There is a wide-spread misconception that the United States relies on the savings of other countries to finance its current account deficit. This is incorrect.
During recent years, at least, the US current account deficit is financed primarily by money newly created by the central banks of other countries: the companies that earned money by exporting to the US keep their savings - after having sold the dollars they earned to their central bank.
In fact, central banks accumulate large stockpiles of dollars as they print their own currency to buy dollars (resulting from their countries' trade surpluses with the United States) and thus prevent their currencies from appreciating.
The central banks then seek to invest those dollars into US dollar-denominated debt instruments, preferably US treasury bonds or agency debt, in order to earn a return.
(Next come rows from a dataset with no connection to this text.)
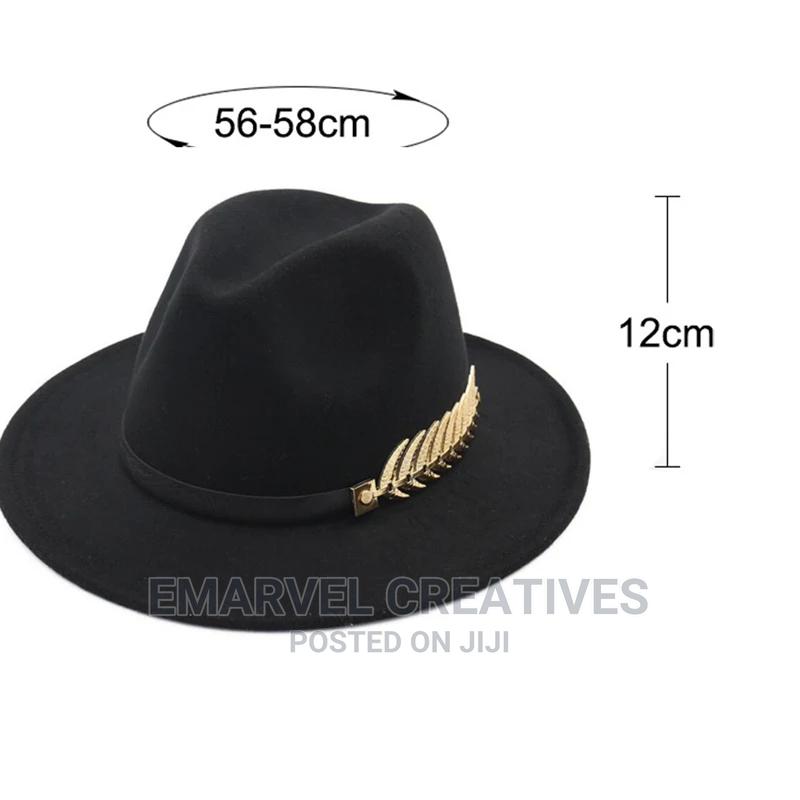 Fedoras Big Brim Hats for Women British 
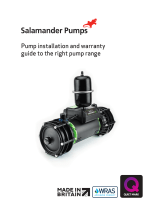 Salamander RP55SU Installation And Warranty Manual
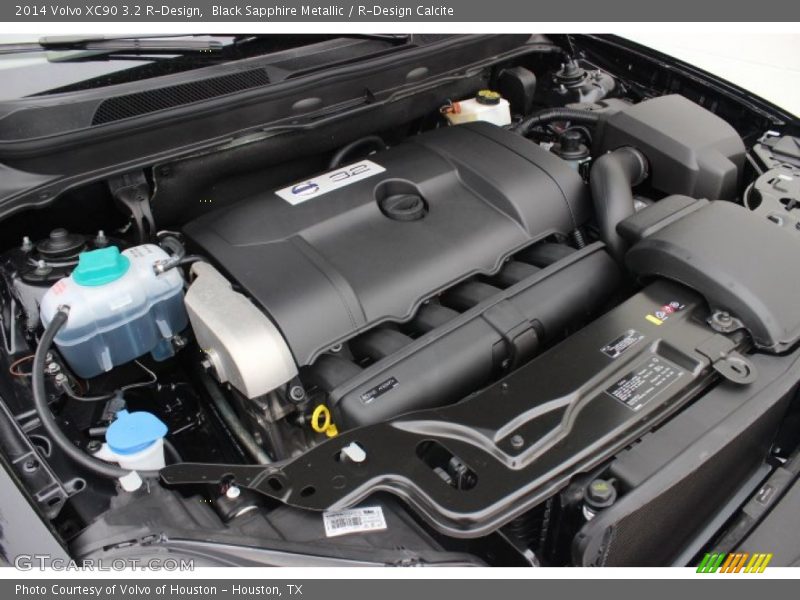  2014 XC90 3.2 R-Design Engine - 3.2 Liter DOHC 24-Valve VVT Inline 6 Cylinder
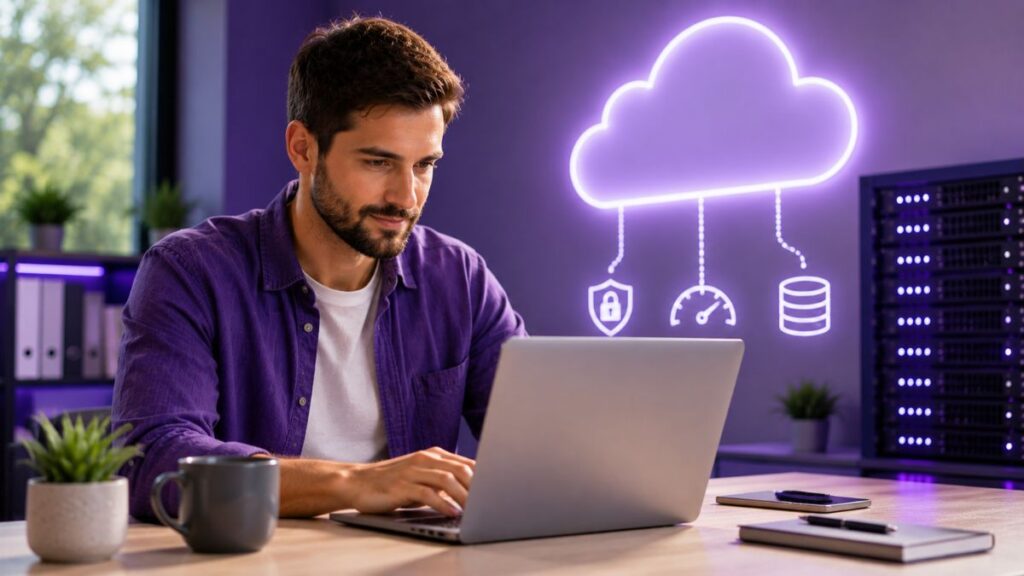 hospedagem cloud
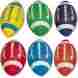 95700 Athletic Connection 6-pc Prism Pack W Rubber Coverings Id 5491 720453069163
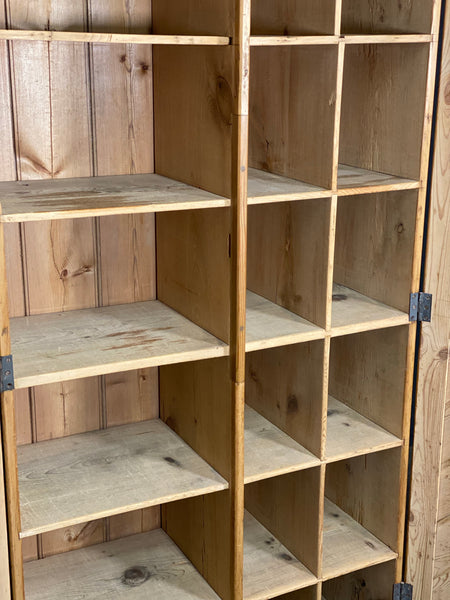 Victorian Pine School Housekeepers Cupboard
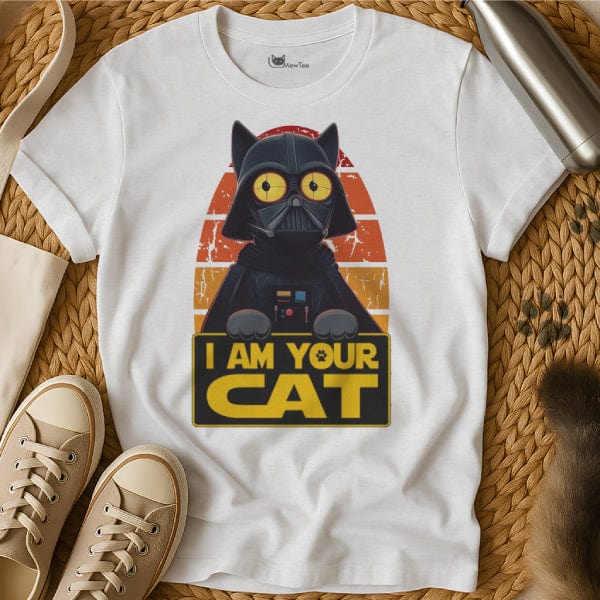 MewTee White / S Darth Vader Shirt | Cat Tee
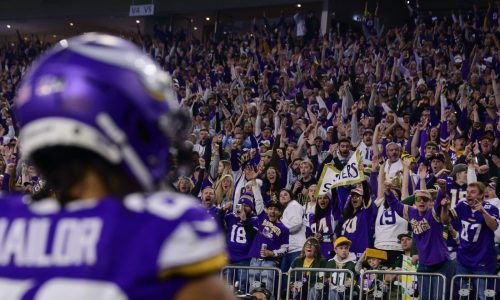 Vikings spent nearly $2 million to bring some of Minnesota with them to Detroit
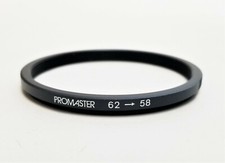 ProMaster 62-58mm Step-Down Ring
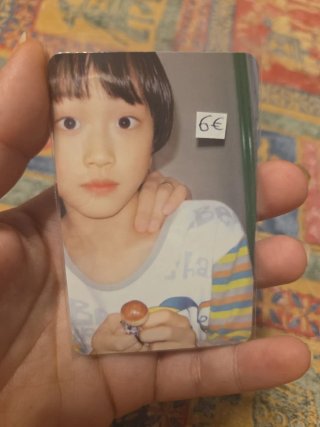 Riize photocard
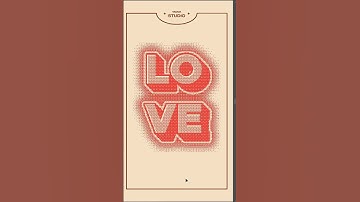 Bitmap Text Effect Tutorial 💫 #illustrator #illustratortutorial #illustratortips #adobeillustrator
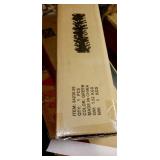 Artificial Garland - 9 Foot- 9-ft Mixed Spruce Clear LED Artificial Christmas Garland with Glitter Branches Red Berries& Pinecones by Christopher Knight Home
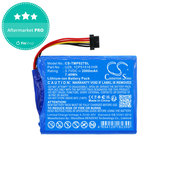 Batterie für TomTom Pro 8270, Pro 8275, 2000mAh, Li-Ion, 3.7V, UZ6, HQ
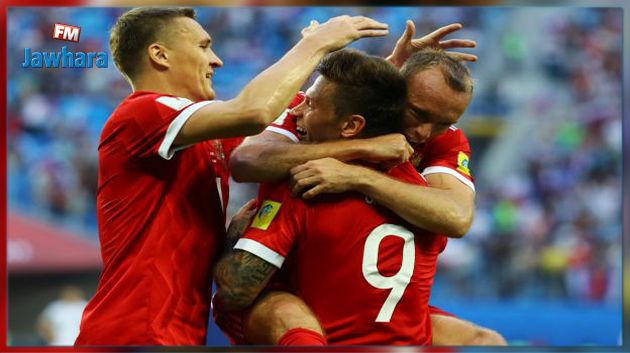 كأس القارات : روسيا تفوز على نيوزيلاندا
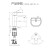 九牧（JOMOO） 洗脸盆卫生间水龙头简方冷热洗面盆龙头洗手盆台盆龙头32349 【时尚亮银】极简雅方银色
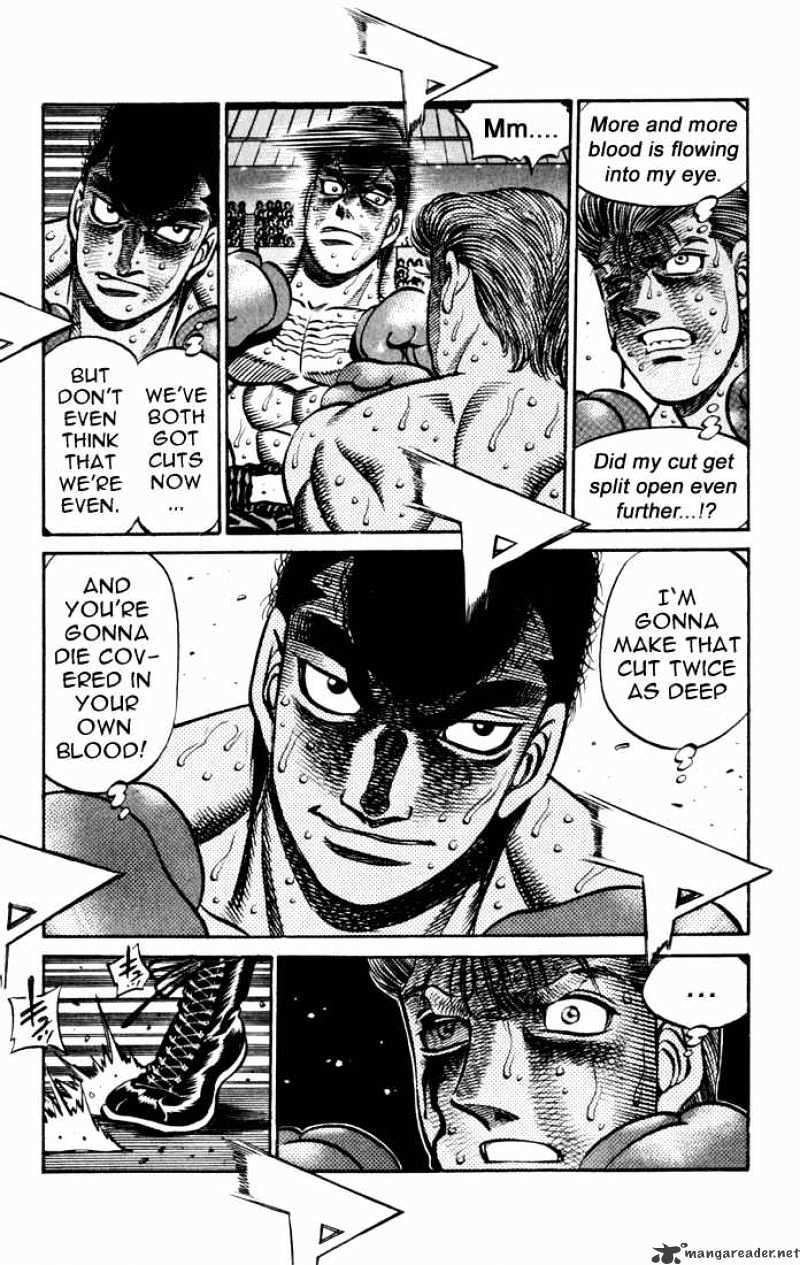Hajime no Ippo: Fighting Spirit, Chapter 550 image 07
If the dollars accumulated by foreign central banks exceed the amount of new debt being issued by the US government and the US agencies during any particular period, then the central banks will buy existing debt instead of newly issued one. By thus acquiring existing debt, they push up the price and push down the yield. That seems to explain why long bond yields have been falling since mid-2004 even though the Fed has been increasing interest rates at the short end of the yield curve.

If this reasoning is correct and if the US current account deficit continues to expand (as seems likely so long as the dollar remains at existing exchange rates), then the amount of paper dollars that foreign central banks wish to invest in US government debt will continue to expand as well.
Meanwhile, the US budget deficit is widely expected to be lower in 2005 and that means that the government will issue less new debt.
Under such circumstances, there will not be enough new government and agency debt issued to satisfy the demand of foreign central banks. Consequently, they are likely to buy existing debt instead, pushing up the price of those bonds and driving their yields down even further...regardless of what the Fed does to the Federal Funds rate.

Regardless, then, of whether the US government reduces its budget deficit or not, it would appear that the rapidly expanding US current account deficit has begun to undermine the ability of the Fed to determine the level, or even the direction, of interest rates in the United States.